Often in my work, it is a challenge to tell those in governments why we need changes or, for that matter, why we as Inuit resist certain changes. We speak so easily about preserving and protecting our “Inuit Culture.” Berries are part and parcel of living our culture. Yet we speak so little of our “gathering” culture. I think most Inuit women understand the strength we can draw from berry picking where even a few litres in a small container, picked over a few hours can balance weeks of stress and anxiety brought on by the constantly changing “new world” we all find ourselves part of.
On reflection, I am not sure if there was ever a time when I did not pick berries. Although as a teenager I probably looked at it differently because then it was more like a chore and something we had to do to gather food for our big family. Today and for many years past, those days with my mother
and grandmother are treasured memories. Their stories, their values and their work ethic greatly shaped and influenced my life.
I suppose, for most of us, there is that moment in our lives when we move into adulthood and realize we have become our mother or father, that moment when their old values become our values. Even in my early twenties almost as soon as I was “independent” and living on my own in the south I began feeling the pull of the Arctic to the blueberry bush every summer.
I watch the calendar and in the early part of the summer I find myself checking the bushes, trying to imagine what kind of “season” we can expect. Watching the first berries ripen, this year the earliest I can remember, and then the delicious taste of the first berry of the year. This is where the magic truly takes over.
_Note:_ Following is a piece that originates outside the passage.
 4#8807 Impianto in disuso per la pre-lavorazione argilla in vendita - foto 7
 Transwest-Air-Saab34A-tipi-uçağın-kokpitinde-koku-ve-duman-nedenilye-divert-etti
As I have grown older, I have come to realize that with each passing season, both the berries and the memories that linger through my mind as I pick grow ever sweeter. Boating up the George River in a freighter canoe, living in tents, hunting, fishing and travelling by dog teams, early mornings with the
birds singing and ptarmigan laughing, spruce bows on the floor in our tent and waking up on caribou skins and under down blankets with the wood fire crackling. The hard work, cutting wood, carrying water, making bannock, learning to sew, listening to legends, hunting with dad, fishing with mom
and grandmother Jeannie across from Helen’s Falls. Watching famed bush pilot Phil Larivier find our little log cabin on a cold Christmas morning and land on the frozen George River with fresh oranges and small presents, all arranged months earlier by dad. The boat and canoe trips we took across Ungava Bay, living on the islands on the Ungava coast in the summer, picking mussels, digging for clams, collecting duck eggs, hunting for seals. That was our life and every year, in every berry patch, it remains our life.
As hard as I try to stay in the moment, invariably the glorious past gives way to the challenges of the present and future. As Inuit we have come so far, and have done so much in the past 40 years. Yet there is so much more to do. Can we meet the challenges? Can we overcome the social and health problems that so plague our communities? Suddenly I think of something
I recently saw on TV. “Yes we can… Yes We Can!”
Reservation turns to inspiration and I see a promising new patch of berries, ripe and bountiful, and I know that someday we will reap a harvest of justice and fairness. For now, my bucket is full of delicious berries and I have enough blueberries for a pie, two crumbles, and about four cups to freeze for this winter. By the end of the summer, our freezer will contain enough berries for the winter if we use them sparingly. Oh! The blueberry bush glistening with fresh deep blue berries is such a sight to behold!